AIM OF THE EXERCISE ▸
Go through the entries and transcribe each one exactly, dropping the pictures.

LISTED ENTRIES ▸
—————

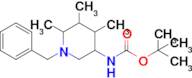 Tert-butyl (1-benzyl-4,5,6-trimethylpiperidin-3-yl)carbamate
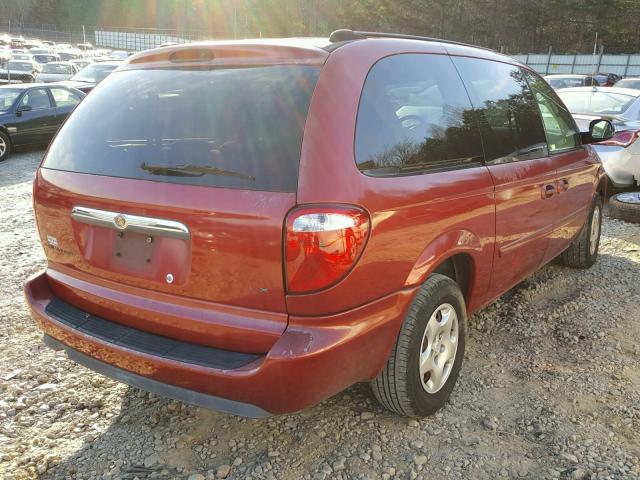 2A4GP44R46R637699 - 2006 CHRYSLER TOWN & COU MAROON photo 4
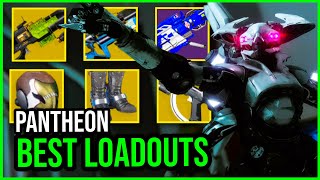 The Pantheon LOADOUTS Guide Atraks Sovereign Week 1 Destiny 2 [upl. by Ahtamas]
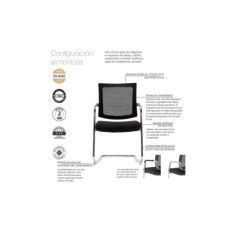 Pack de 4 Sillas confidente DALLAS de Euromof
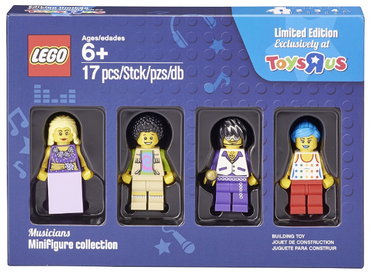 Lego, Set, Sealed Product, Toys 'R' Us, Minifigure Collection, Musicians (TRU Exclusive), 5004421
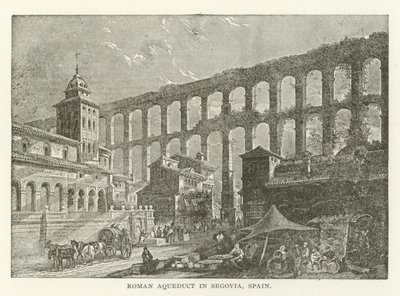 Aqueduc romain à Ségovie, Espagne - American School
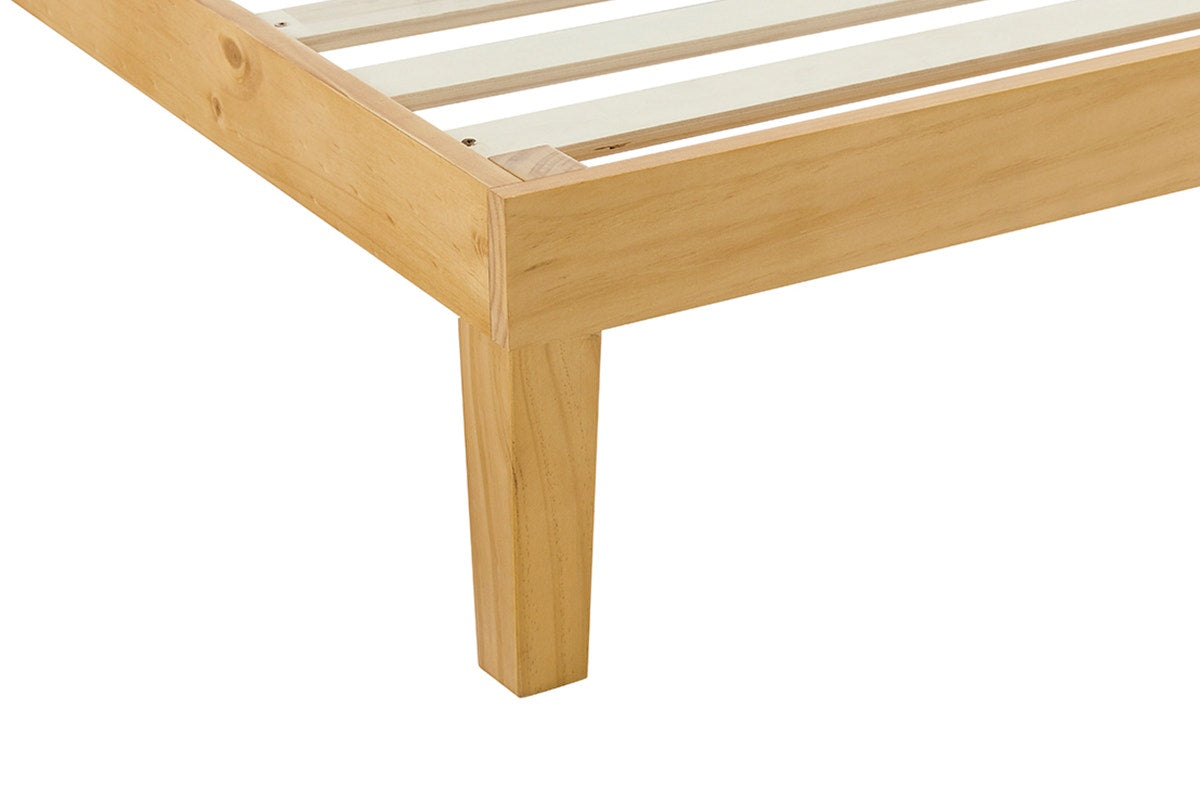 Ovela William Wood Bed Frame (Warm Natural, Queen)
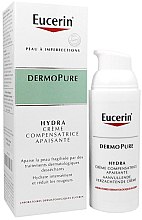 Kojący krem nawilżający do twarzy - Eucerin DermoPure Hydra Soothing Compensating Cream — Zdjęcie N3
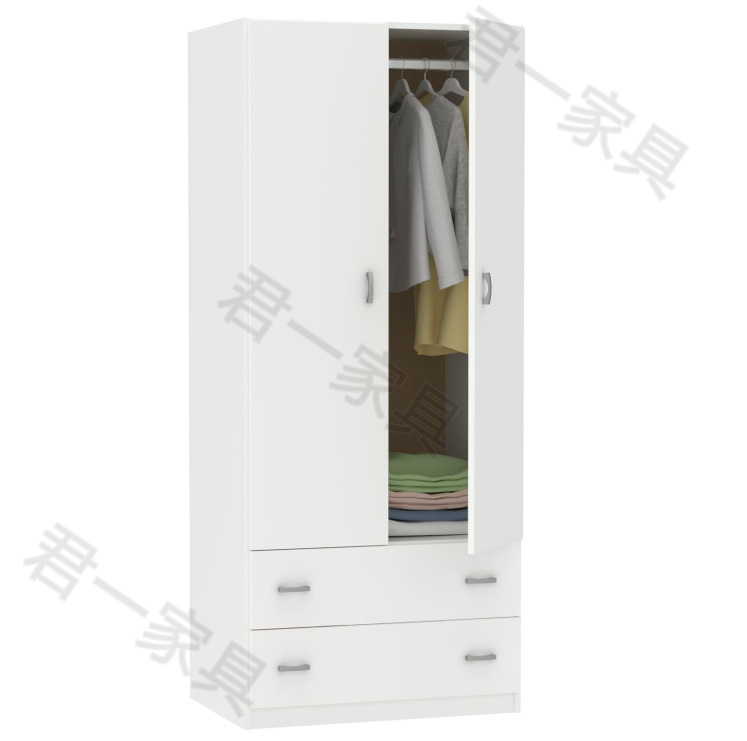 Amazon Panel Furniture European and American Foreign Trade Export Cross-Border Bedroom Cabinet Factory Wholesale Modern Wardrobe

—————

EXPECTED ANSWER ▸
 Tert-butyl (1-benzyl-4,5,6-trimethylpiperidin-3-yl)carbamate
 2A4GP44R46R637699 - 2006 CHRYSLER TOWN & COU MAROON photo 4
 The Pantheon LOADOUTS Guide Atraks Sovereign Week 1 Destiny 2 [upl. by Ahtamas]
 Pack de 4 Sillas confidente DALLAS de Euromof
 Lego, Set, Sealed Product, Toys 'R' Us, Minifigure Collection, Musicians (TRU Exclusive), 5004421
 Aqueduc romain à Ségovie, Espagne - American School
 Ovela William Wood Bed Frame (Warm Natural, Queen)
 Kojący krem nawilżający do twarzy - Eucerin DermoPure Hydra Soothing Compensating Cream — Zdjęcie N3
 Amazon Panel Furniture European and American Foreign Trade Export Cross-Border Bedroom Cabinet Factory Wholesale Modern Wardrobe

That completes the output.